From 1987 to 2001, medical bills for obese people constituted 27 percent of
the growth in overall health care spending, he found. The jump in spending
was attributable to both a rise in the number of obese Americans and higher
costs for treating those patients.

Treating obese patients was 37 percent more expensive than medical care for
normal-weight people, Thorpe and colleagues wrote in the journal Health
Affairs. Put another way, obesity accounted for an extra $301 per person in
medical spending over the 15-year study period.

"The actual numbers are probably higher," Thorpe said, because his team
relied on people who self-reported their weight and height.

Obesity is determined by body mass index or BMI (a formula in which a
person's weight in kilograms is divided by the square of his or her height
in meters). A score higher than 30 is deemed obese; 25-30 is considered
overweight. By those standards, a six-foot man weighing 225 pounds is
categorized as obese.

Federal officials have estimated that treating obesity-related illnesses
costs about $93 billion a year, but Thorpe is the first to examine the
impact on the overall growth in health spending. The Emory team based its
analysis on inflation-adjusted federal data on medical spending and health
status.

"These numbers show that the prevailing approach for dealing with obesity,
which is to blame people who have the problem and hope the situation will
disappear, is a fantasy," said Kelly Brownell, director of the Yale Center
for Eating and Weight Disorders. "Something dramatic needs to be done to
change the environment in order to prevent this problem from occurring in
the first place."

Before 1980, obesity in the United States remained fairly stable, at about
15 percent of the population. In the following two decades, however, the
problem reached epidemic proportions, fueled primarily by a more sedentary
lifestyle, processed foods and extra-large portions.

Brownell advocates creation of a $1.5 billion "Nutrition Superfund" raised
by imposing a 1-cent federal tax on each can or bottle of soda. The money
could be used for a massive advertising and education program, especially
aimed at children, he said.

"Once you are obese, it is very hard to treat, so prevention makes sense,"
he said. "And when you focus on children, you get away from the libertarian
arguments that adults are just doing this to themselves."
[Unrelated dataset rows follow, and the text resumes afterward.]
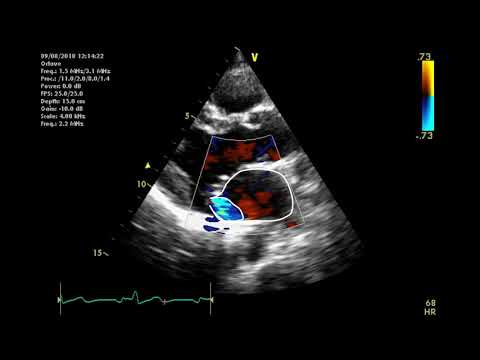 Видео: Эхокардиографическая оценка митрального клапана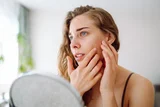 Ayurvedic Treatment for Rosacea – Soothing Herbal Care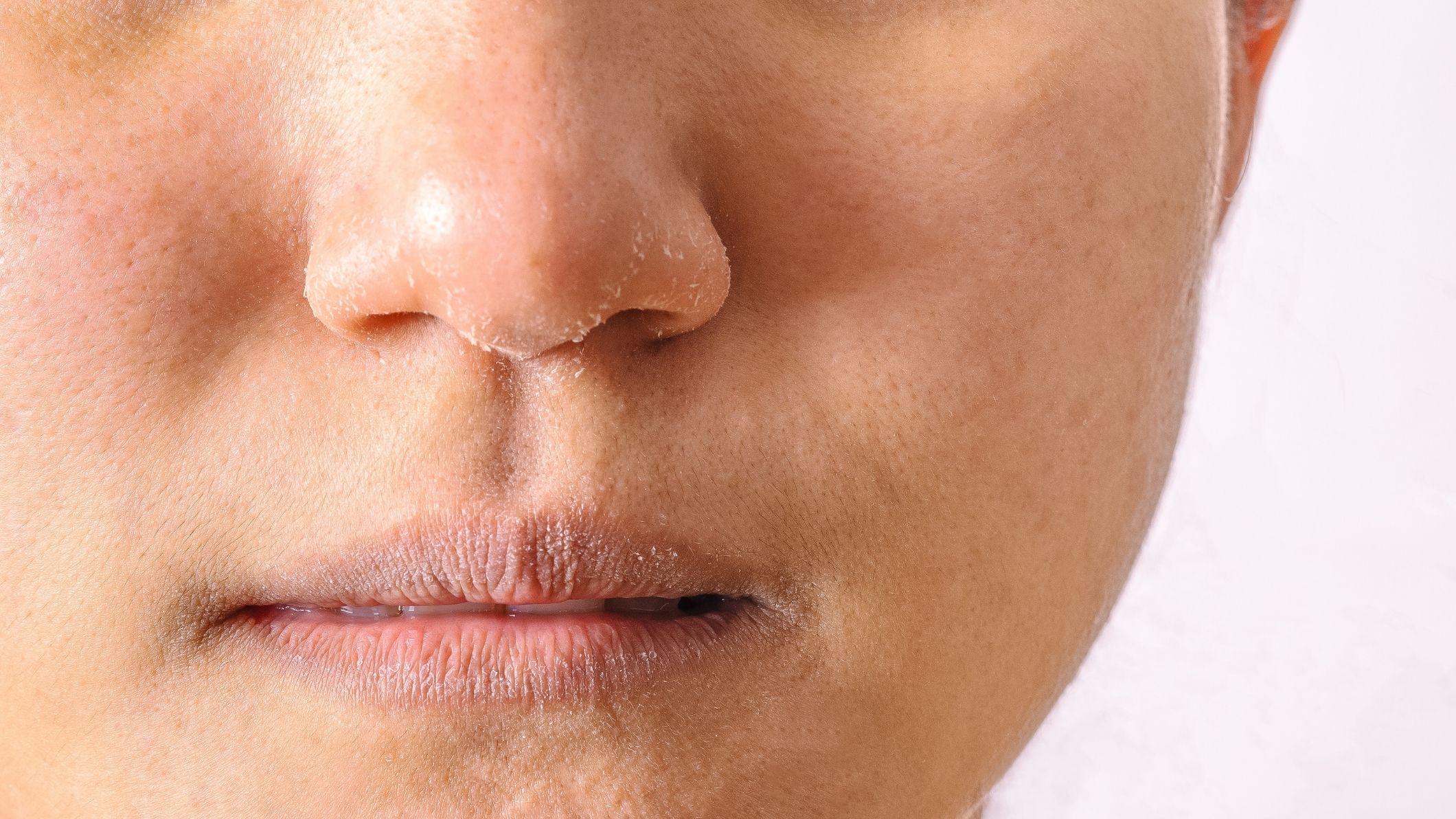 face eczema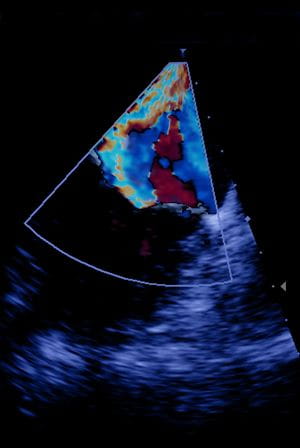 Screen of echocardiography (ultrasound) machine.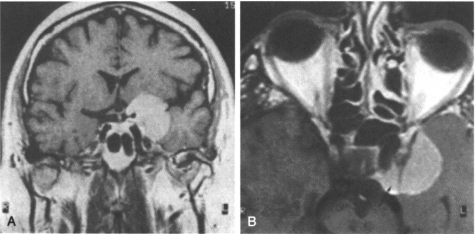 蝶骨嵴脑膜瘤能活多久？手术难度大吗？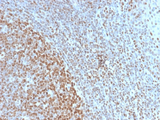 Nuclear Antigen Antibody - Formalin-fixed, paraffin-embedded human Tonsil stained with Pan-Nuclear Antigen Rabbit Recombinant Monoclonal Antibody (NM2984R).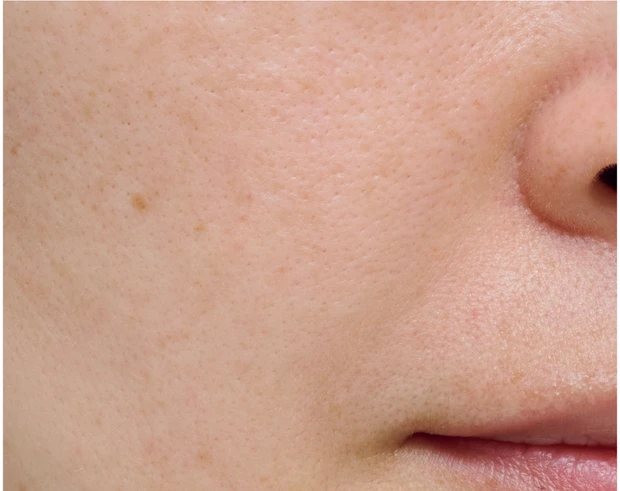 【悩み別】毛穴を目立たなくする方法 PhotoGallery_1_35
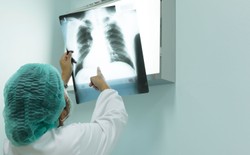 Raport: rak płuca wywołuje co piąty w Europie zgon nowotworowy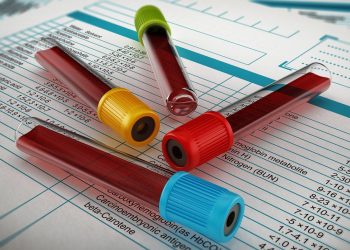 Shok në QSUT/ Urdhëri ndal analizat: nuk ka më buxhet për pacientët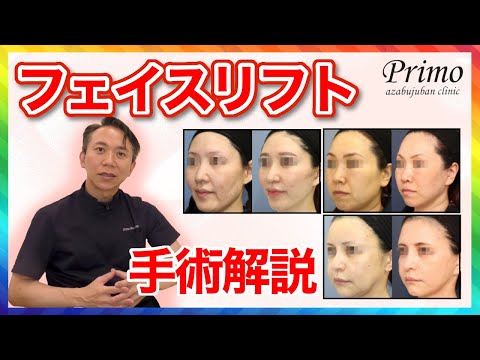 フェイスリフト切開リフトってどんな手術？どこがかわるの？医師が解説★☆美容整形・輪郭☆★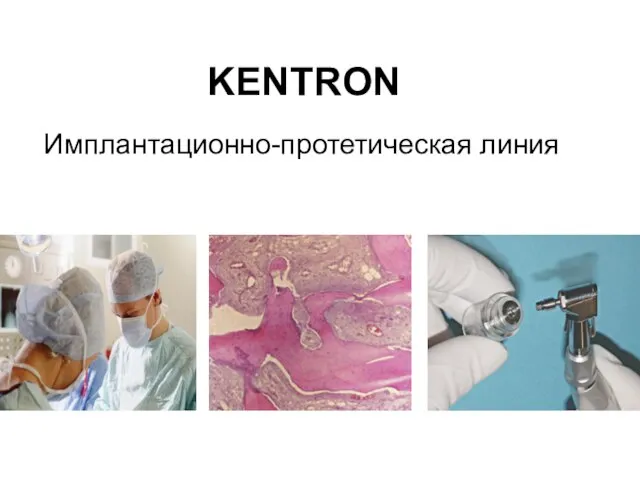 Имплантационно-протетическая линия KENTRON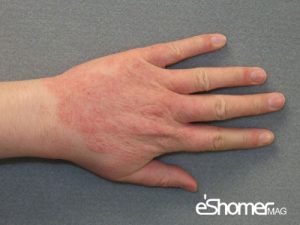 مجله خبری ایشومر -اگزما-Eczema-یا-درماتیت-دست-پیشگیری-و-درمان-آن-2-مجله-خبری-ایشومر-300x225 بیماری اگزما Eczema یا درماتیت دست پیشگیری و درمان آن سبک زندگی سلامت و پزشکی  وازلین کرم مرطوب کننده درمان پیشگیری پوست پزشکی بیماری اگزما  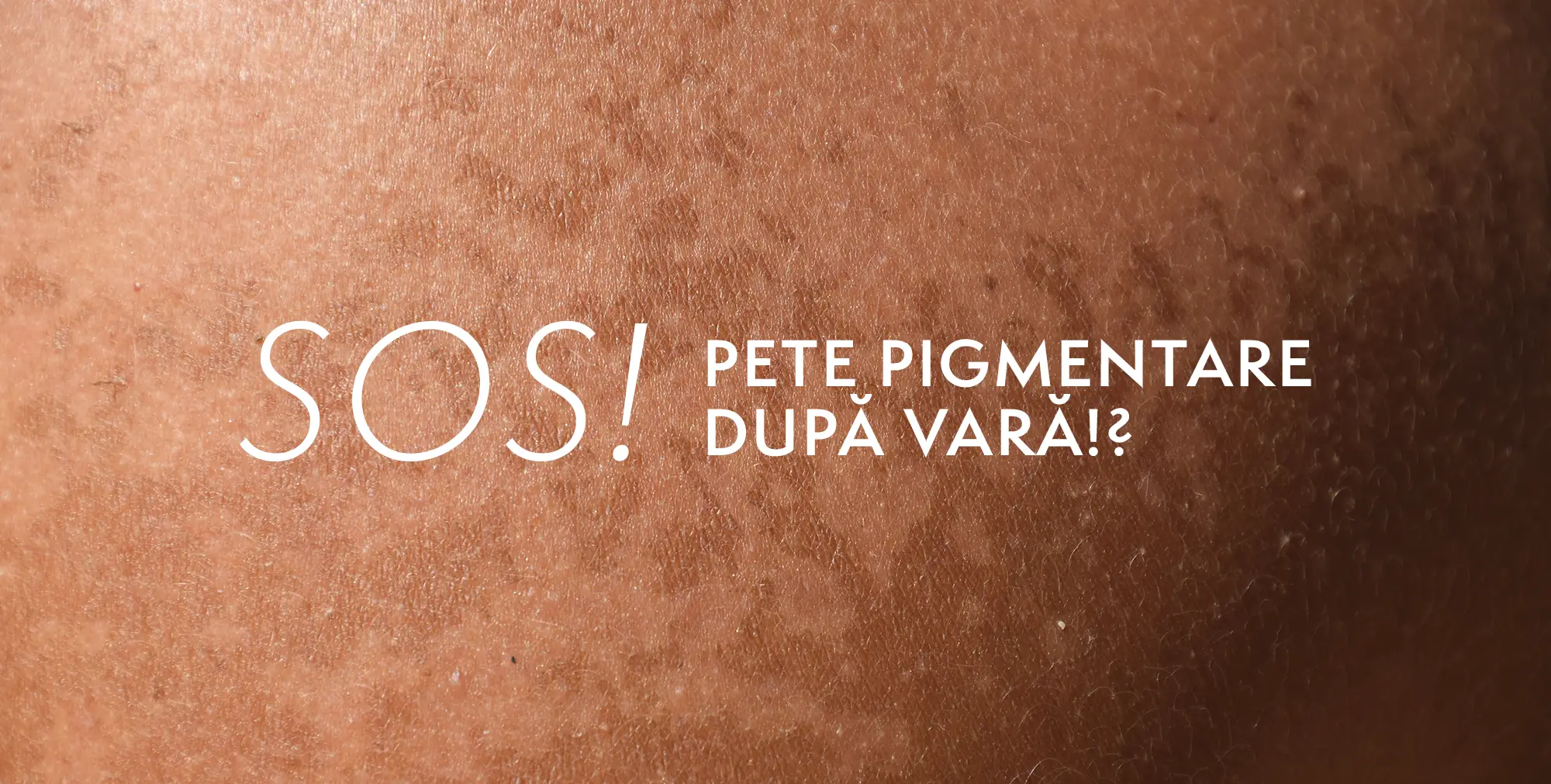 SOS Pete Pigmentare: Cum le identifici și tratezi eficient PETE pigmentare dupa vara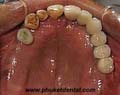 dental implant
The financial toll is pronounced in people with diabetes, high cholesterol
or heart disease, researchers said. Forty-one percent of the rise in
spending on heart disease was obesity-related.

The data come as insurers and some government agencies have begun adopting
broader reimbursement policies for treating weight-related illnesses. The
federal Medicare program announced in July it would begin considering
requests to cover weight-loss therapies, and three months later Blue Cross
and Blue Shield of North Carolina said it will provide special services to
more than 1 million members with weight problems.

Earlier this month, a panel of the National Academy of Sciences called for
numerous changes, including mandatory exercise for all schoolchildren,
nutrition standards for school cafeteria food and new limits on the
marketing of junk food to children.

A spokeswoman for the Centers for Disease Control and Prevention said its
budget for nutrition, physical activity and obesity for fiscal year 2004 is
$45 million, up from $34 million the previous year.